On Extracting Concise Image Descriptors from Natural Images | PHash Blog
07 Apr 2019 - by starkdg
Image descriptors are essential for organizing a collection of images for the purpose of search and retrieval. These can be as simple as unique file names, where an exact file name is needed to retrieve each and every source image. In order to preserve a sense of distance between images, however, where smaller distance indicate similarity and larger distances wholy different images, a more elaborate scheme is necessary. The descriptors need to preserve some of the essential features of the source image.
As is well known by now, convolutional neural networks can be trained to give good performance on image classification tasks. Several models perform at or above 95% classification accuracy (tf-slim). These neural networks are many layers deep. They take an image as input and output an indication as to which class among many is most probable. Interestingly, new classification layers can be fine-tuned on top of the models hidden layers and achieve comparable performance on new classification tasks. This suggests that the networks hidden layers have learned fundamental features of the images. Furthermore, the outputs from these hidden layers can serve as quality descriptors, which preserve smoothness with subtle changes in input. However, they still exist in a relatively high dimensional feature space, making it difficult for fast indexing.
This post explores the cross correlations in these hidden layer values - also called feature vectors - in the hopes of reducing its size. It is our expectation that concise descriptors can be extracted from these feature vectors with the minimal additional overhead of training a few extra layers that can piggy-back on top of these classification models.
Heres the general idea:
The development of a concise image descriptor suitable for long-term storage. It should be robust enough for fast comparison using a distance metric - like euclidean distance. This metric should preserve small distances for perceptually similar images, while keeping wholely unique images far enough apart.
Provide some fresh insight into the topology of these models feature vectors. Together with the right kind of indexing structure, we should be able to retrieve all nearest neighbors of a given image and get a good visual indication for what similar means in terms of the models feature vector. We will use the MobilenetV2 neural net for all our work, but all the code is easy to modify to explore other models.
Develop a testing framework to evaluate these descriptors for this application. This framework can be used to test the descriptors as well as the feature vector itself. In this way, we will be able to see just where the descriptors lose the ability to discriminate between images as well as compare the effectiveness of the new descriptors.
All code can be found in the github repository here: View On GitHub
We need a framework to test all our models. First, we start with a corpus of natural images. This is separate from the training set to be used to train the additional layers. It is strictly for evaluating the efficiency of our descriptors in representing images. For now, no specific type of images are selected. Just a random collection of natural images.
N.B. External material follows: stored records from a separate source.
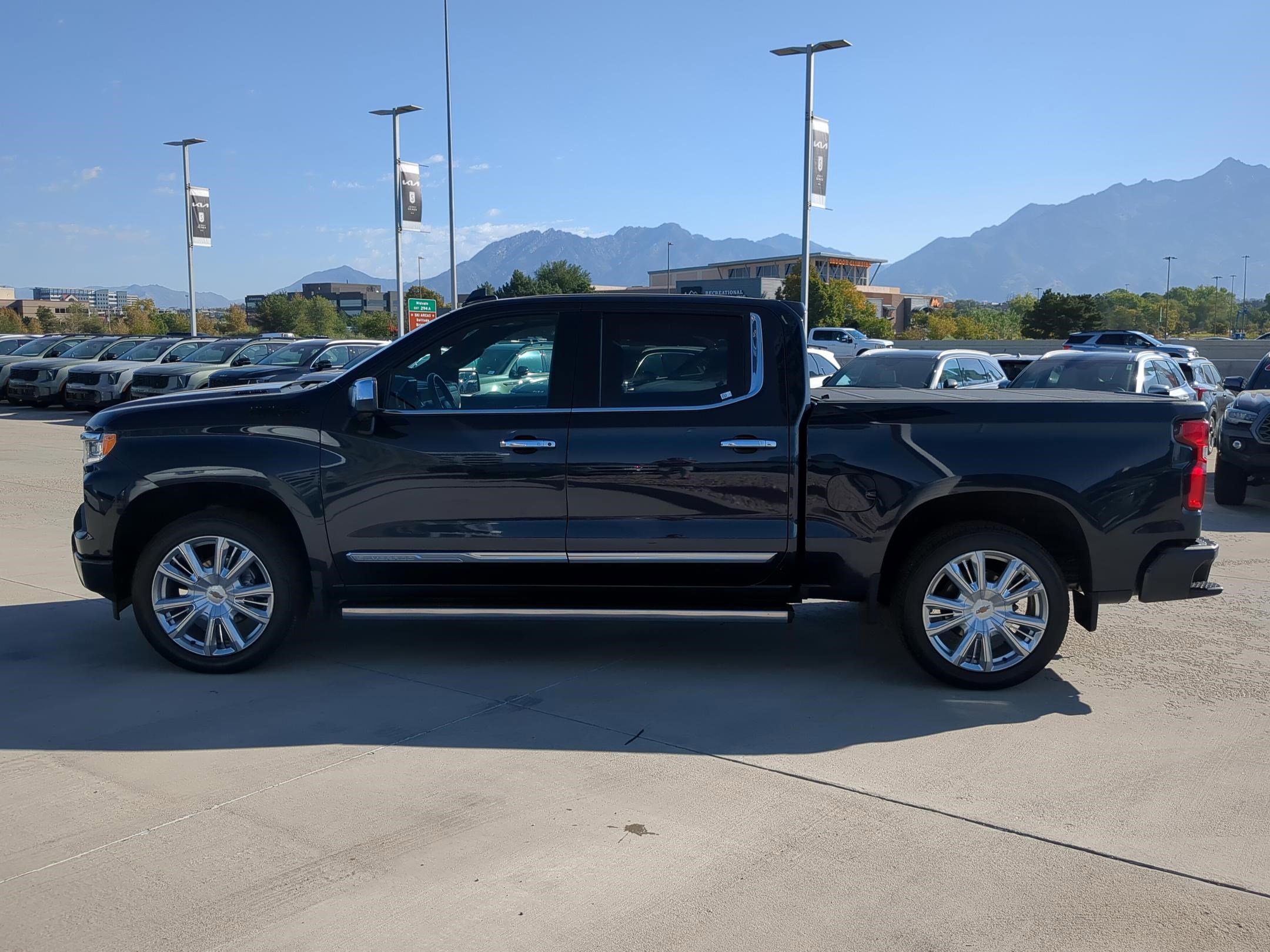 2023 Chevrolet Silverado 1500 High Country photo 2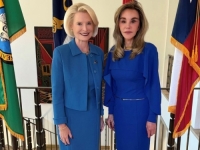 FOTOGRAFIJA TRUMPOVIH SARADNICA IZAZVALA BROJNE REAKCIJE: 'Zar nas neko zeza?'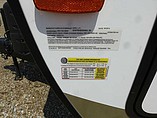2015 Venture RV SportTrek Photo #9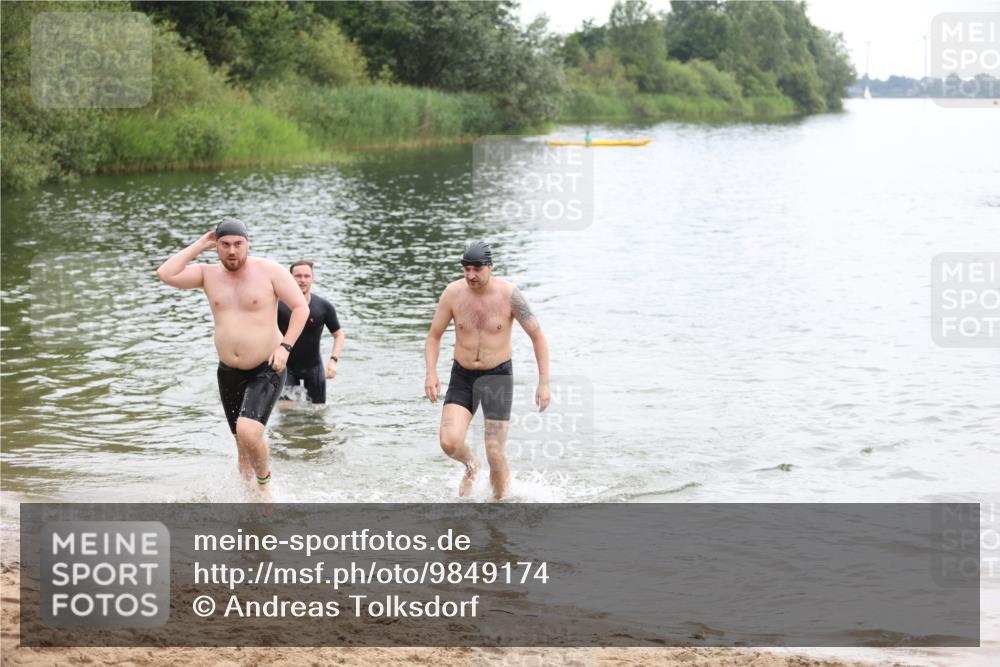21.06.2026 - 29. Vierlanden-Triathlon Andreas Tolksdorf http://msf.ph/oto/9849174 21.06.2026 09:59:06 Schwimmen 303, 325, 356 meine-sportfotos.de
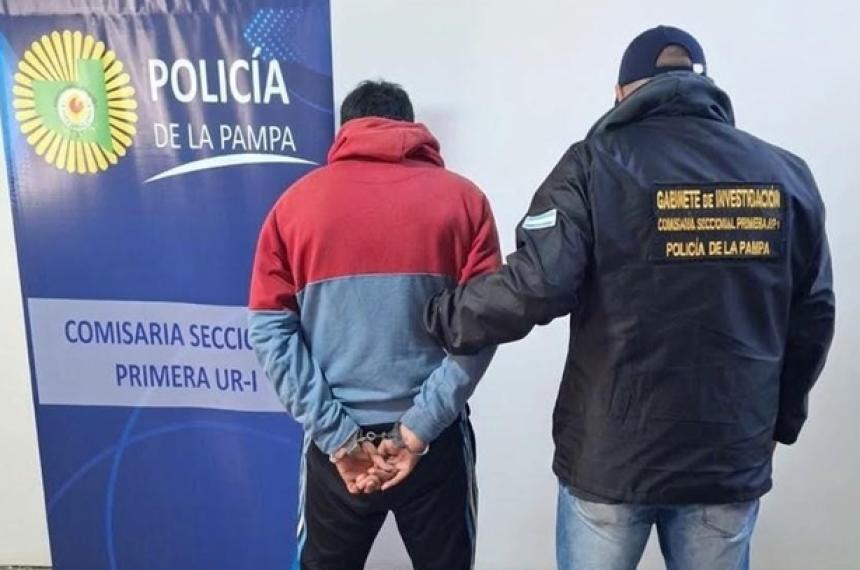 El sospechoso fue detenido tras un allanamiento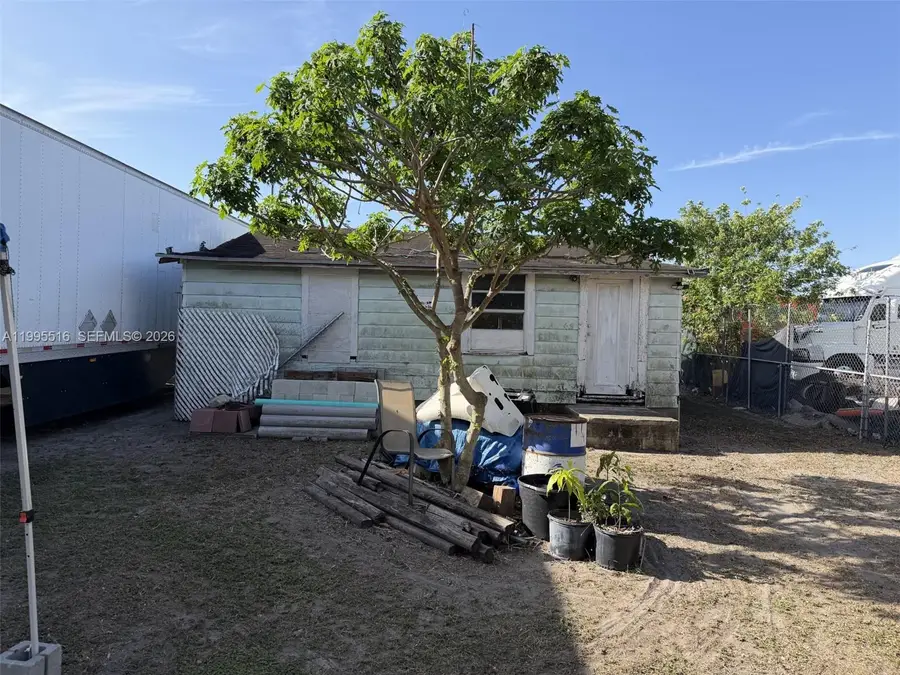 835 E Alverdez Ave, Clewiston, FL 33440 - #3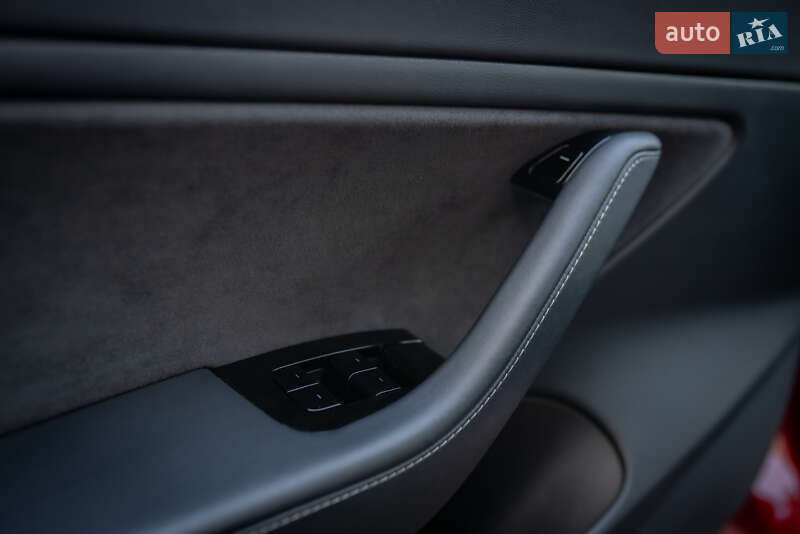 Седан Tesla Model 3 2018 в Кременці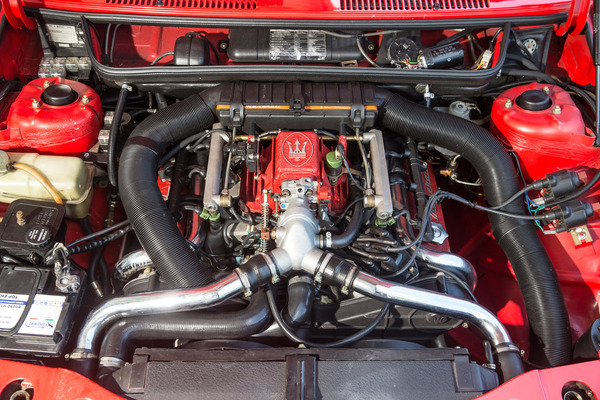 Maserati Biturbo 222 E (1990) - der Winkel von 90 Grad ist für einen V6 ungewöhnlich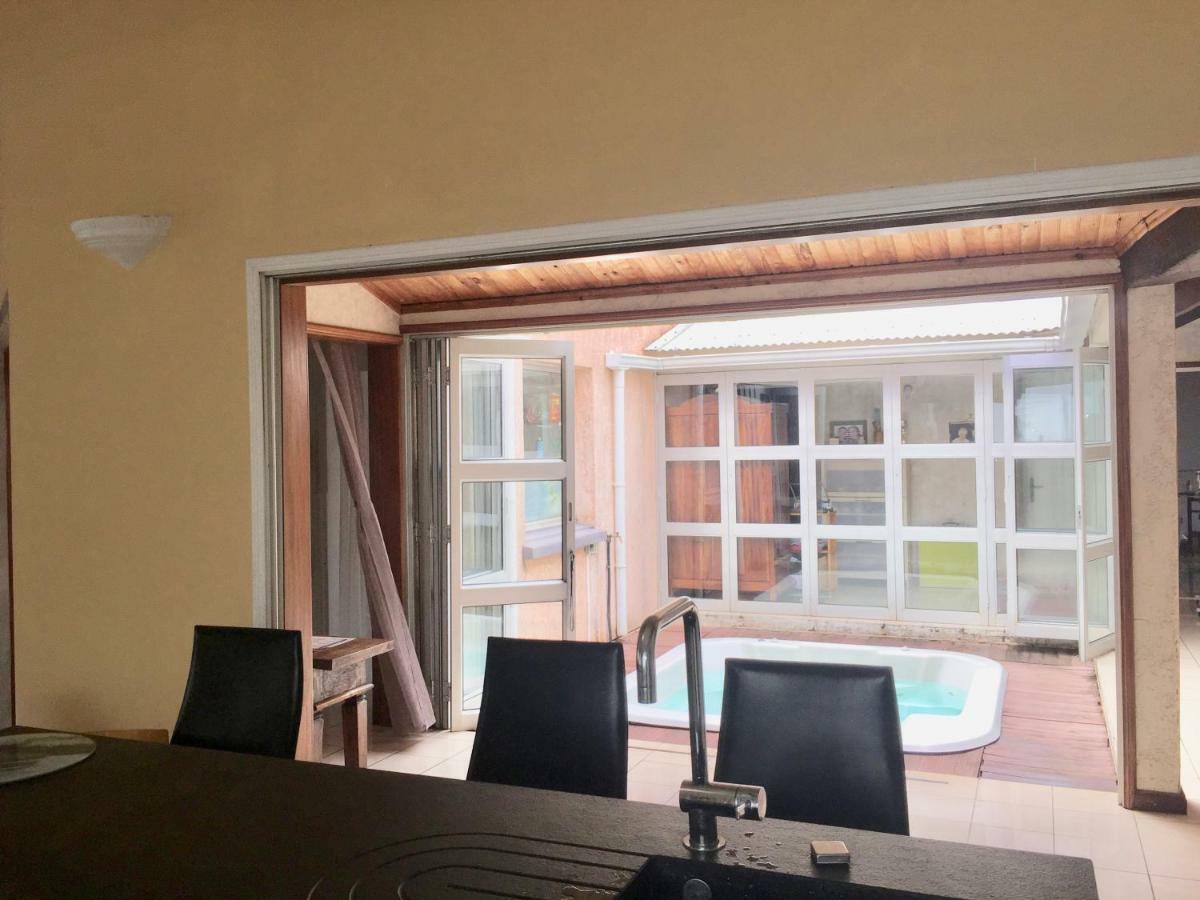 Sun Villa Chambre Chez L Habitant แซงต์-เดอนี ภายนอก รูปภาพ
Next, we distort each image in multiple ways: gaussian blurr, additive noise, crop, occluded with text overlay, compression, rotation, horizontal and verticle flip, shear affine transformation, resize, histogram equalization, etc.
Heres the script for how to prepare this test set of data: preprocess_image_files.py
To establish what a normal distance is between arbitrary wholly dissimilar images, we draw random pairs from the original image set, extract its descriptors, and calculate the distances of all the pairs. A histogram is then formed from which to draw statistics, like mean, $\mu$ and standard deviation, $\sigma$. We set two thresholds:
$T_1$ = $\mu$ - 2$\sigma$ $T_2$ = $\mu$ - 1$\sigma$
These thresholds will be used to evaluate our similar distance comparisons.
For each distortion class, distances are measured between original images and their distorted counterparts. A histogram for each original/distorted class comparison is then formed and displayed next to the above histogram of arbitrary image pairs. Ideally, the peaks of the two histograms should stand far apart and give a good visual separation. The histogram of similar distances should markedly less than the histogram for dissimilar distances. This should give us a good visual clue as to how well the descriptor performs for our application.
Heres an example of a histogram from one such test run:
As a quick way to compare different models without getting confused by a multitude of histograms, we will take the percentage of distances that fall above each threshold. The closer to zero, the better. This can be readily put in tabular form for easy perusal.
To get an idea of how the models feature vector breaks down, we do a principle component analysis of the models feature space. This can be done by calculating the covariance matrix for the feature vectors calculated from a set of images - resulting in a [1792x1792] matrix. The covariance matrix is a way of measuring the cross correlations between the components of the feature vector. A SVD Decomposition of the covariance matrix will gives us the leading eigen vectors and their corresponding eigen values of the feature space - in descending order.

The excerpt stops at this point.